Animal Sacrifice and Divination

The practice of reading livers was common in the Roman world. After an animal was sacrificed its liver was examined by a priest who would interpret the liver. Looking at the liver, the priest would reveal good or bad omens from it. It was thought that the gods responses were communicated through the liver and other internal organs of a sacrificed animal. Healing was sought after from religious temples. Sacrifices were made to gods, in particular Asklepios, in hopes of receiving healing.

Hospitals were originally built for the military. Under Gaius Marius, the Roman Army became the world's best trained and disciplined force, and some of this rubbed off onto the Medics too. The influence of superstitious quackery lessened and Roman Medicine took on a more practical approach. It was still a trial and error process, but the Medics were more observant and carefully noted down any treatment that worked and this knowledge was passed on and could be successfully utilized by the next doctor.

War Leads to Innovation

The fifteen-year civil war that directly following the assassination of Julius Caesar led to significant medical innovations. The war was fought between the best armies of the world and yielded such high levels of injury that the newly emerged emperor, Augustus, formed a professional military medical corps. Before this, doctors had a fairly low status. Augustus, realizing that doctors were a key to improving his empire and especially the army, gave all physicians that joined his army medical corps dignified titles, land grants, and special retirement benefits!
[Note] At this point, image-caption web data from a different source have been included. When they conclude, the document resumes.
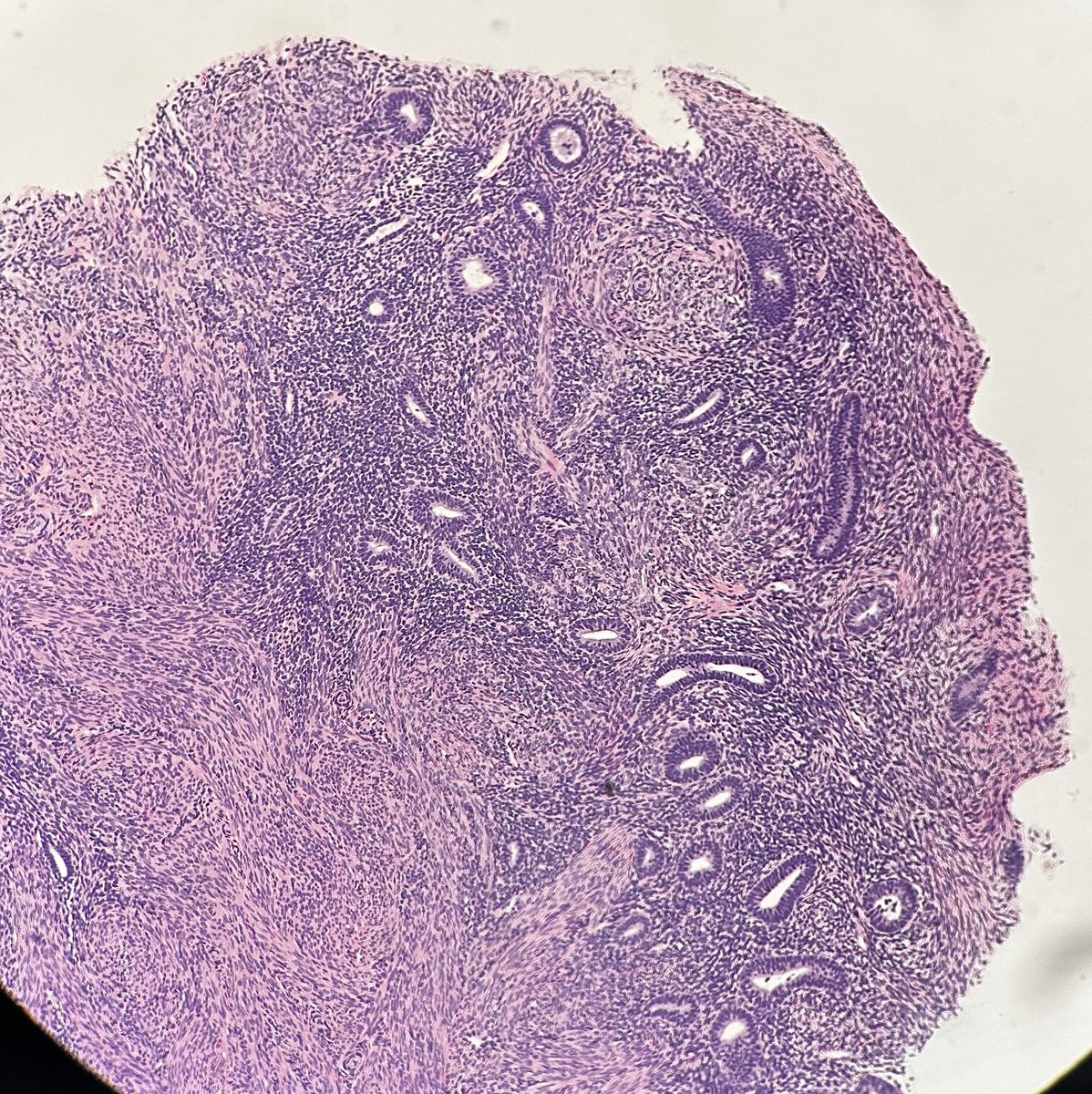 Path4People's tweet image. Sometimes you can get an endometrial polyp

Sometimes you can get an endocervical polyp

Sometimes you can get an endometrial/endocervical polyp (arising from the lower uterine segment)

Credit: Lisa Marinelli, MD

#pathagonia #path4people #gynpath #pathx #obgyn #pathtwitter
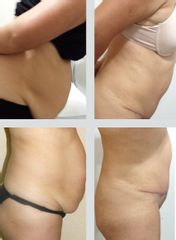 Antes y después de Abdominoplastía
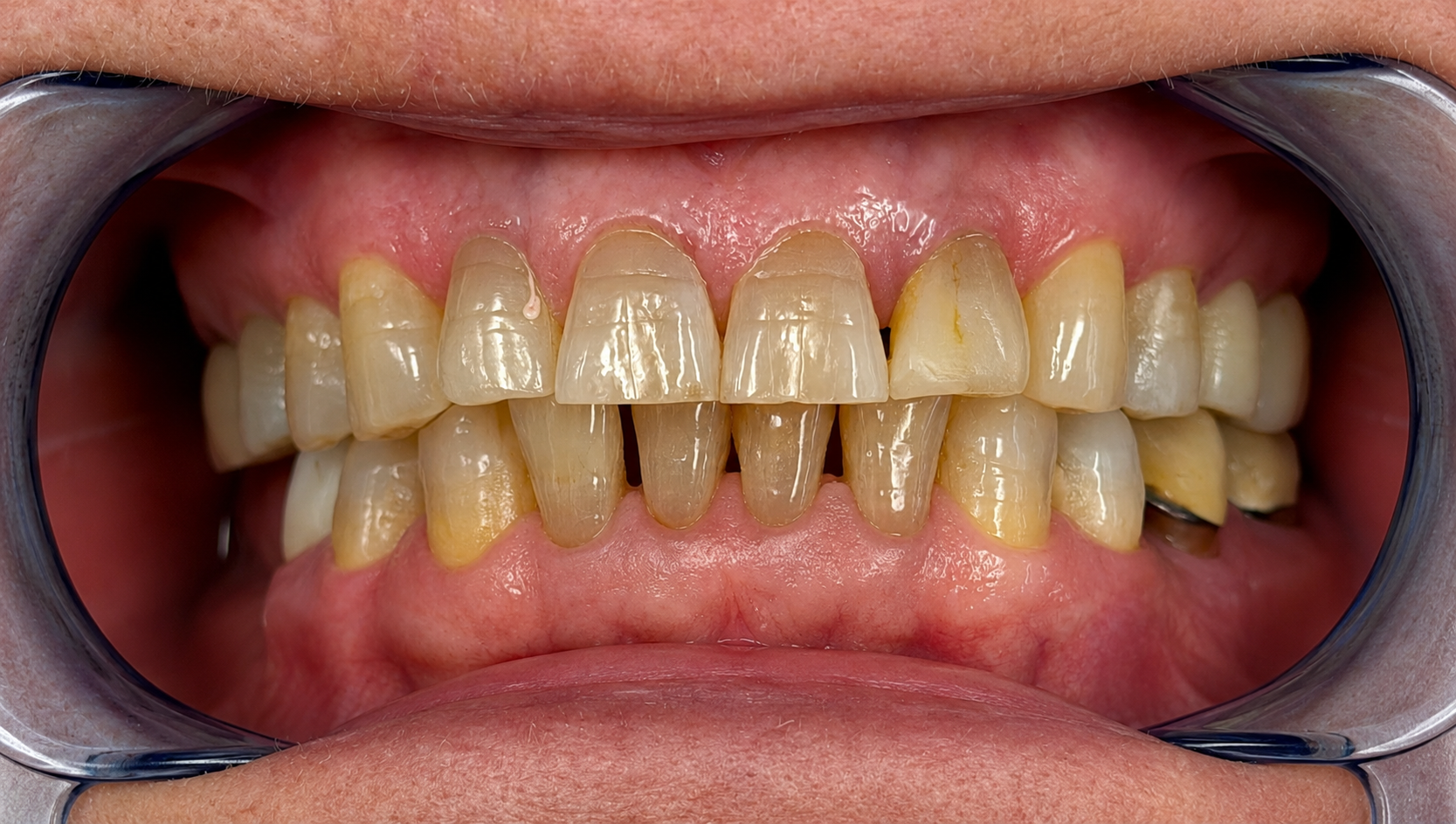 Before treatment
For the next five hundred years, fueled by the motivations and opportunity for medical advancement supplied by the many battles, and supported by the powers that be, this serious group advanced the study and practice of medicine to a level not seen again until late in the nineteenth century.

Through this improvements brought about by Augustus, the profession lost its shoddy reputation and became more respectable. It helped too, that Medical professionals hereafter were required to train at the new Army Medical School and could not practise unless they passed. This increased the success rates in treatments.

Specialization Grows

Ancient Roman medicine was, surprisingly, incredibly similar to that of the late nineteenth century. Like the modern medical practice, Ancient Roman medicine was split among different specialties, such as internists, ophthalmologists, and urologists. All surgical tasks were only preformed by appropriate specialists. Surgeons used practically the same tools as American doctors did only one hundred years ago. An Ancient Roman doctor¹s tool kit (shown in the four pictures to the right) would include forceps, scalpels, catheters, and even arrow-extractors.

Painkillers and Sedatives

Similarly, Ancient Roman surgeons had a wide range of painkillers and sedatives to help in surgery, including extracts of opium poppies (papaver somniferum = morphine) and of henbane seeds (hyoscyamus niger = scopolamine). There is little doubt that the many folk remedies used throughout the Roman Empire were tested in battle by Roman physicians on wounded and ailing soldiers, who sifted through and found the treatments and methods with the most useful effects. Further, the bureaucracy of Rome ensured that the treatments were recorded and taught in the medical school.

Germs and Cleanliness

The Romans did not yet really understand how germs related to disease, but they did use many of the techniques that killed germs, techniques that were not reinvented until much later. For example, they boiled their tools before use and would not reuse the same tool on a patient before re-boiling. Wounds were washed with acetum, which is actually a better antiseptic than Joseph Lister's carbolic acid (Joseph Lister rediscovered antiseptics in the 1860's, based on Louis Pasteur's brand-new germ theory of disease).